── Attaching core tidyverse packages ──────────────────────── tidyverse 2.0.0 ──
✔ dplyr 1.1.4 ✔ readr 2.1.5
✔ forcats 1.0.0 ✔ stringr 1.5.1
✔ ggplot2 3.5.1 ✔ tibble 3.2.1
✔ lubridate 1.9.3 ✔ tidyr 1.3.1
✔ purrr 1.0.2
── Conflicts ────────────────────────────────────────── tidyverse_conflicts() ──
✖ dplyr::filter() masks stats::filter()
✖ dplyr::lag() masks stats::lag()
ℹ Use the conflicted package (<http://conflicted.r-lib.org/>) to force all conflicts to become errors
Load the data in the global environment
This data set is a compilation of data spanning from the months of May to September sourced from the New York State Department of Conservation and the National Weather Service.
data("airquality")
Using this function, we are able to isolate the first six rows of data from the data set.

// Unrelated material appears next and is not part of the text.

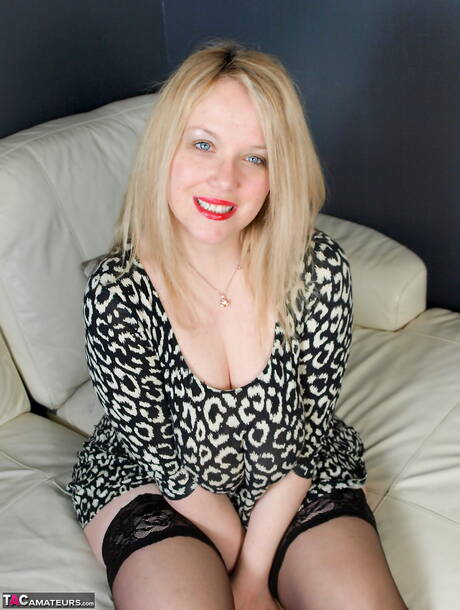 TAC Amateurs invite you to explore free pics featuring Sindy Bust xxx gallery 269601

This piece of code creates our first plot which is a histogram categorized by Month
p1 <- airquality |>ggplot(aes(x=Temp, fill=Month)) +geom_histogram(position="identity")+scale_fill_discrete(name ="Month", labels =c("May", "June","July", "August", "September")) +labs(x ="Monthly Temperatures from May - Sept", y ="Frequency of Temps",title ="Histogram of Monthly Temperatures from May - Sept, 1973",caption ="New York State Department of Conservation and the National Weather Service") #provide the data source
Output for plot 1
p1
`stat_bin()` using `bins = 30`. Pick better value with `binwidth`.

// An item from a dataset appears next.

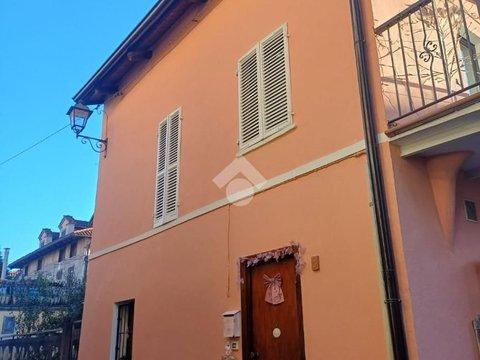 Casale/cascina in Via G. Dovis, 8, Gassino Torinese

This piece of code creates our second plot which improves the histogram of Average Temperature by Month (the first plot).
p2 <- airquality |>ggplot(aes(x=Temp, fill=Month)) +geom_histogram(position="identity", alpha=0.5, binwidth =5, color ="white")+scale_fill_discrete(name ="Month", labels =c("May", "June","July", "August", "September")) +labs(x ="Monthly Temperatures from May - Sept", y ="Frequency of Temps",title ="Histogram of Monthly Temperatures from May - Sept, 1973",caption ="New York State Department of Conservation and the National Weather Service")
Output for plot 2.
p2
This piece of code creates our third plot which is side-by-side boxplots categorized by Month.
p3 <- airquality |>ggplot(aes(Month, Temp, fill = Month)) +labs(x ="Months from May through September", y ="Temperatures", title ="Side-by-Side Boxplot of Monthly Temperatures",caption ="New York State Department of Conservation and the National Weather Service") +geom_boxplot() +scale_fill_discrete(name ="Month", labels =c("May", "June","July", "August", "September"))
Output for plot 3.
p3
This piece of code creates our fourth plot which is side-by-side box plots in gray scale.
p4 <- airquality |>ggplot(aes(Month, Temp, fill = Month)) +labs(x ="Monthly Temperatures", y ="Temperatures", title ="Side-by-Side Boxplot of Monthly Temperatures",caption ="New York State Department of Conservation and the National Weather Service") +geom_boxplot()+scale_fill_grey(name ="Month", labels =c("May", "June","July", "August", "September"))
Output for plot 4.
p4
This piece of code creates our fifth plot which is a scatter plot of how solar radiation levels affect the temperature.
p5 <- airquality |>ggplot(aes(Solar.R, Temp)) +geom_point(color ="green", alpha =0.9) +labs(x ="Solar Radiation", y ="Temperatures", title ="Scatterplot Comparing How Solar Radiation Affects Temperature",caption ="New York State Department of Conservation and the National Weather Service" )
Output for plot 5.
p5
Warning: Removed 7 rows containing missing values or values outside the scale range
(`geom_point()`).
For plot 5, I created a scatter plot that visualizes the relationship between Solar Radiation and Temperatures. The plot fails to show a strong relationship between the two variables; however, we can see that there is a general increase in temperatures when solar radiation is higher. Using the geom_point function, I was able to create the scatter plot points and change their colors/shades.